But, what if the medical screening examination was never performed before the patient left and the patient dies in the hospital parking lot? Well, then the issues becomes was the patient properly triaged, how long had the patient had to wait before s/he left, was the hospital operating above its capacity and if so, was there an offer to transfer the patient; did the patient leave at the suggestion of hospital staff, and most importantly, was there any disparity in the treatment of this patient based upon the patient’ s race, religion, ethnicity, citizenship, legal status, or ability to pay? Obviously, the best practice is to get the medical screening done quickly because not providing the screening can lead to significant liability.
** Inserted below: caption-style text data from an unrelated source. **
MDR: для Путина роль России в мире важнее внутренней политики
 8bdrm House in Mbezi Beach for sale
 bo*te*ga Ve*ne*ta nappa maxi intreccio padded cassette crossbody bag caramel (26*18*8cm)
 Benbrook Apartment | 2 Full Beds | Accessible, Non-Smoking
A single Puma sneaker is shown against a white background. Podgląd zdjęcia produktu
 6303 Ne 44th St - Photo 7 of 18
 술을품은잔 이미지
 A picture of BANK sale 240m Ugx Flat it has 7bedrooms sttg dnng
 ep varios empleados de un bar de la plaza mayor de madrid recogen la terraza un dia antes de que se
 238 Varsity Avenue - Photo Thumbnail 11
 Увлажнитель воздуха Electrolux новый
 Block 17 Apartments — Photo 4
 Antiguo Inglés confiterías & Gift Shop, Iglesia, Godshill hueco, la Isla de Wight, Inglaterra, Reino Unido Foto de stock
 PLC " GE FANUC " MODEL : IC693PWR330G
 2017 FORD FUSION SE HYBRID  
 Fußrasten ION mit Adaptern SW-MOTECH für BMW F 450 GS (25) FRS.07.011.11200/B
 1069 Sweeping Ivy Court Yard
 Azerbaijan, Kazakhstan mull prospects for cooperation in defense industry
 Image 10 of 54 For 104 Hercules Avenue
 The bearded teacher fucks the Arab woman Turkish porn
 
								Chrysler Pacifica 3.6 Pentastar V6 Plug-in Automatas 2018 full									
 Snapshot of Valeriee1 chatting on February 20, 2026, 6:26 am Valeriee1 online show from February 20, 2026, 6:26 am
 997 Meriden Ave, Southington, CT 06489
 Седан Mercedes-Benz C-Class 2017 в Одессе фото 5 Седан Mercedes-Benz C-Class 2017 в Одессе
Some of the key issues to remember when planning for EMTALA are that EMTALA does not by its terms or by any that have been extended to it by judicial interpretation apply to stable patients. EMTALA relates to accepting, treating and transferring unstable patients.

Also, a hospital can only perform that which is within its capability and capacity. However, it is worth noting a hospital is not at capacity just because it is exceeding it licensed bed capacity – the hospital would be expected to move stable patients, bring in additional staff, and borrow equipment before it would likely be found to be at capacity. That said, if the needed service is truly beyond the hospital’ s capability or capacity, courts have tended to not find EMTALA violations.

Given the lack of clarity regarding EMTALA, it’ s not surprising so many physicians and hospital administrators struggle with its application. To assist in clarifying this murky abyss, here are a few of the most common questions about EMTALA:

Q. If our hospital does not have an obstetrical department do we have to treat a woman in active labor?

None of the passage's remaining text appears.